Word for word, copy out the data below, omitting pictures.

Supplied material:
▬▬▬▬▬▬
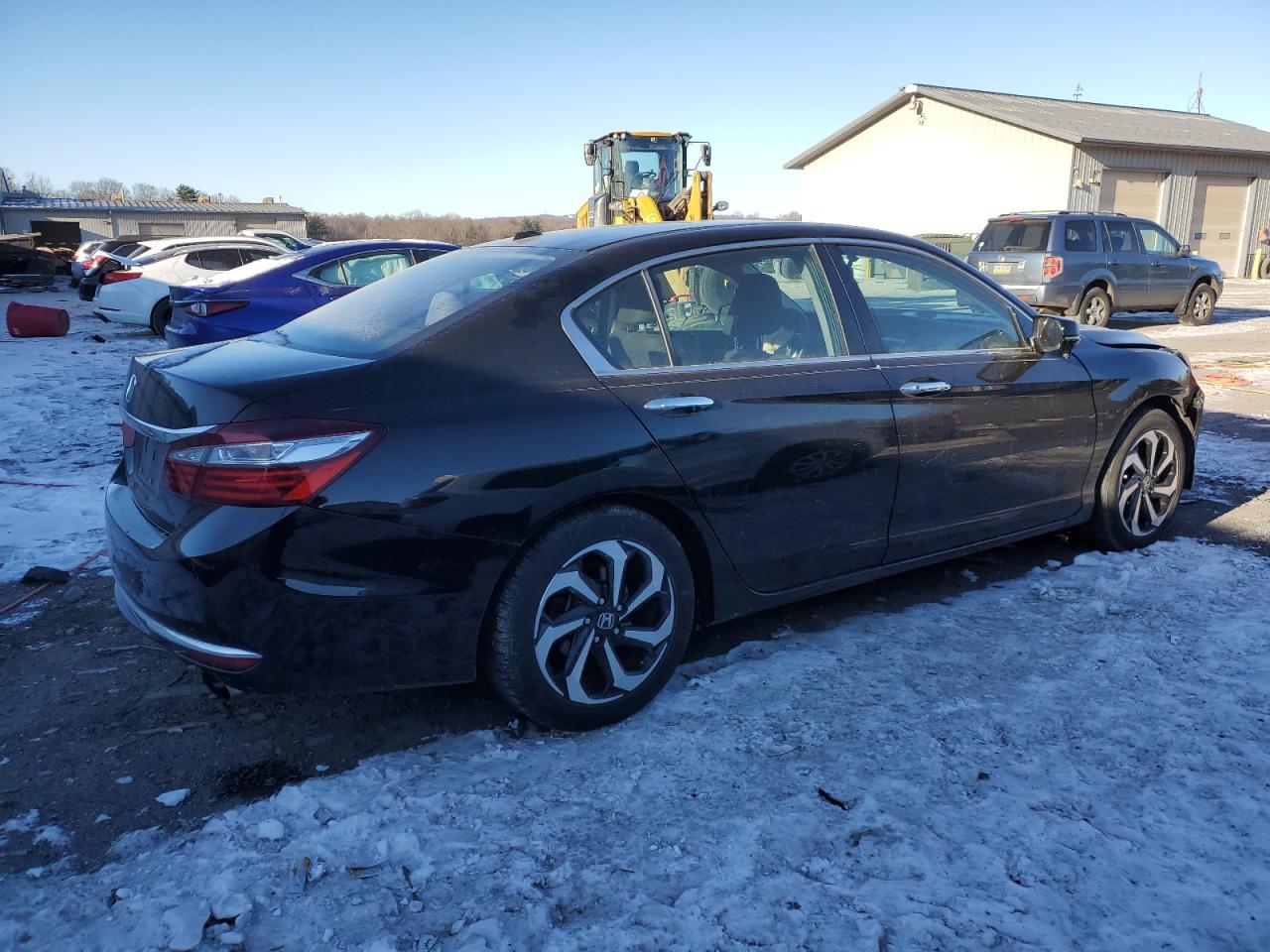 VIN 1HGCR2F79HA042953 2017 HONDA ACCORD no.3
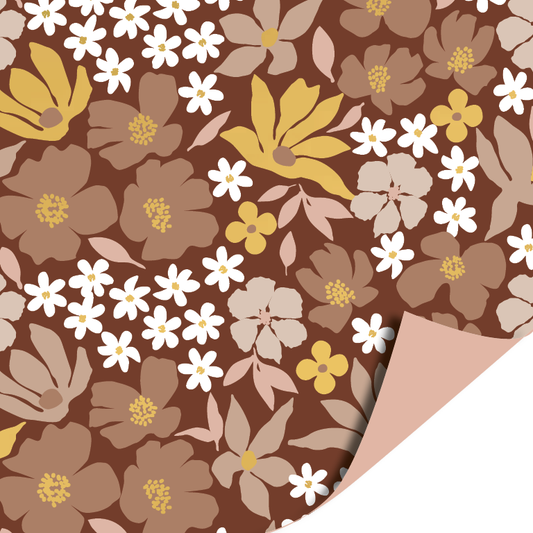 Rustic Flowers cadeaupapier met bloemenprint en zachtroze binnenzijde – Liefs en Lintjes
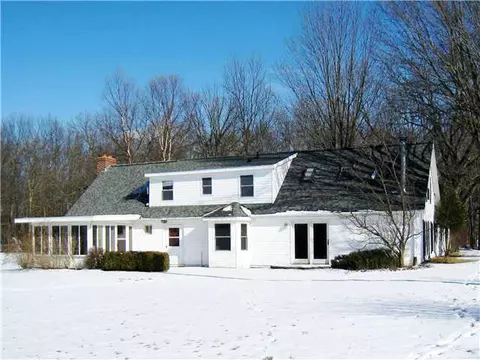 4379 Beeman Rd, Williamston, MI 48895 photo 2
▬▬▬▬▬▬
Output for this exercise:
 VIN 1HGCR2F79HA042953 2017 HONDA ACCORD no.3
 Rustic Flowers cadeaupapier met bloemenprint en zachtroze binnenzijde – Liefs en Lintjes
 4379 Beeman Rd, Williamston, MI 48895 photo 2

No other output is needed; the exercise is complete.